The past few years have seen delayed onset of rains in the Philippines, and perhaps other tropical countries. About a decade or more ago, regular rainy season starts in the month of June. The previous years due to climate change, the rains would come in June. Last year, the regular rainy period started in August.
This year is different. The rains came as early as the last week of April. Until this week, we have had 4 straight weeks of either cloudy or rainy afternoons and evening. There were some sunny days but they were few. And so far, 4 typhoons have come. The first typhoon was in late April and it flooded many provinces in the southern part of the country. The third typhoon was last week and it was very strong.
It pummeled the western side of Pangasinan province, along with its neighboring provinces on the west (Zambales) and the north-east. It was the strongest typhoon encountered in those provinces in so many decades.
Our mango trees average about 35 years old. About one-third of them were either knocked down or their big branches were broken. Other mango farms have 40 to hundred percent casualty! Since thousands of mango trees were damaged in Pangasinan and Zambales – known for their sweet and good quality mangos – it is safe to expect that the price of mangos will drastically increase next year and the coming years as those mango trees in my estimation, will take at least 8 years or more to recover their huge and sprawling branches that produce the mangos.

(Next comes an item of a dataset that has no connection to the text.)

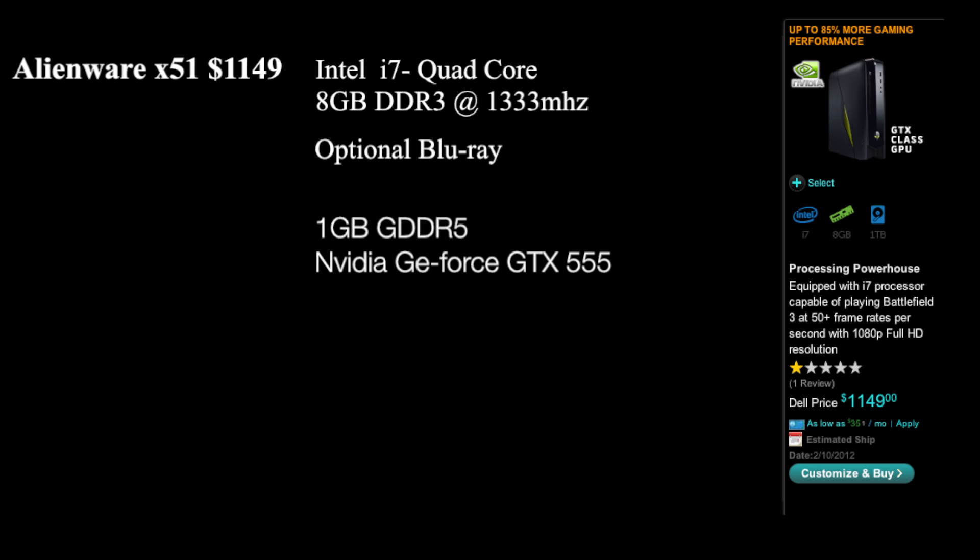Let's move on to the high-end model, which is $1,149. It comes with an Intel i7 quad-core, 8 gigs of RAM, an option for a Blu-ray player, and a 1 gig NVIDIA GeForce GTX 555 video card. We're going to explore the processor and the video card on this model and see what it can do.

A number of our forest trees beside the stream, some of which I myself planted 15 or 17 years ago, were either felled or uprooted and washed away by the strong flash flood. But most of our forest trees remained standing. I would say that it was their protection perhaps that minimized the damage to our mango trees because mango farms nearby with few or no tall forest trees near them suffered heavy damage. This highlights the beauty of agro-forestry farming.
Many houses were damaged, submerged by flood, some have their roofs blown away by strong winds. Some power lines were toppled, and many barangays or villages are expected to have electricity after 2 or 3 months.

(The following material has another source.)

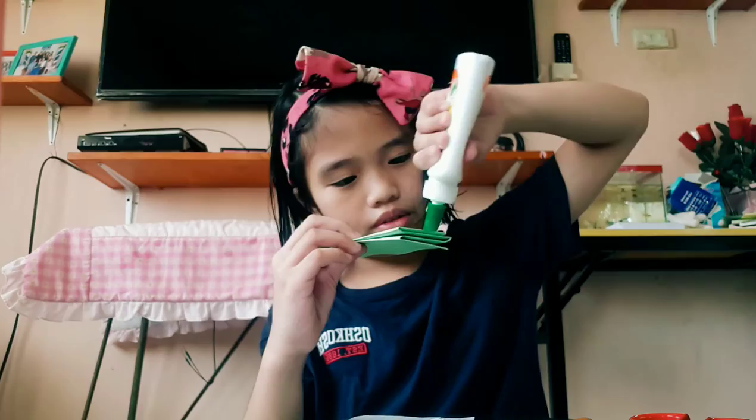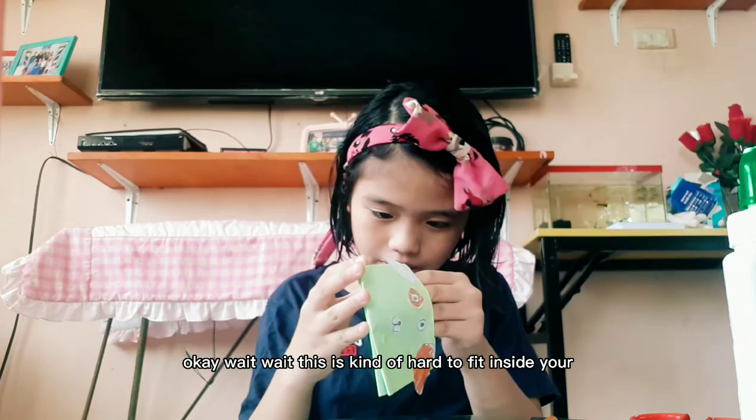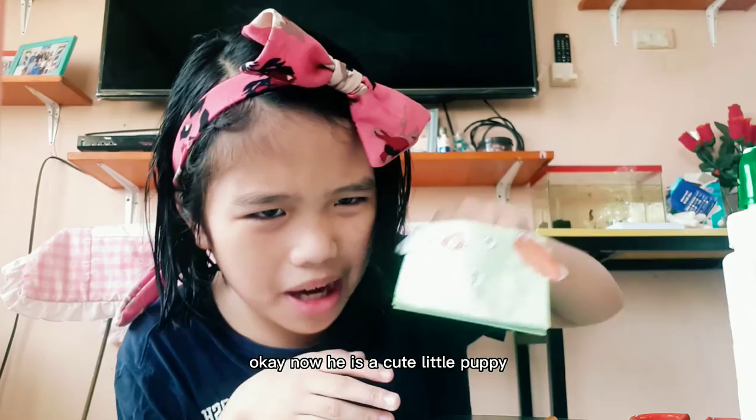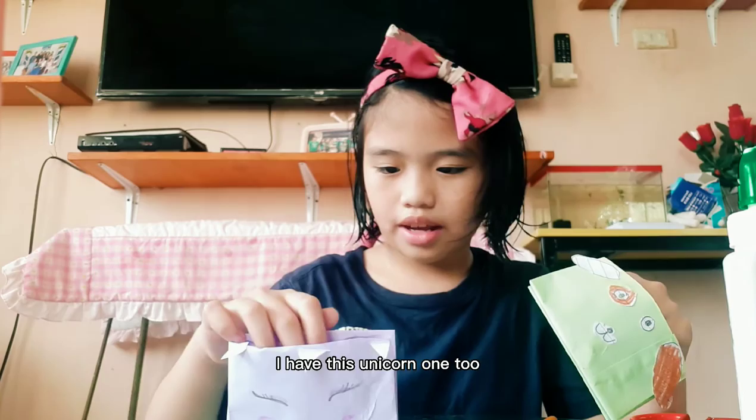I can't glue it, I think this glue is kind of running. Now I am just going to stick the mirror. Okay, now I am done! So now once you have finished it — okay wait, this is kind of hard to fit inside here. Okay, now here's a cute little puppy! See — I mean, I have two puppets now. I have this unicorn one too. Unicorn, puppy, unicorn. Okay, bye — so that's how you make a puppet, look at it!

The early onset of the rains was good because rice farmers can start planting early, which will reduce the rice prices in the 3rd quarter of the year. Grass and forest fires in the uplands and the midland farms have also stopped, unlike in previous years where there were still some grassfires until May or June. But a typhoon of such strength and power was definitely bad. Some savings by farmers set aside for the planting season have been used to repair their damaged houses, repair their submerged hand tractors and tricycles, or replace their lost farm animals.
The bigger challenge is in the uplands: how to make those denuded mountains be teeming with big forest trees again in order to reduce flash flood during heavy rains. Since the government – the owner and administrator of those wide mountains – is not doing its job in preserving the forest, other forms of forest land management may have to be explored, with the ultimate objective of making those denuded mountains become thickly forested again.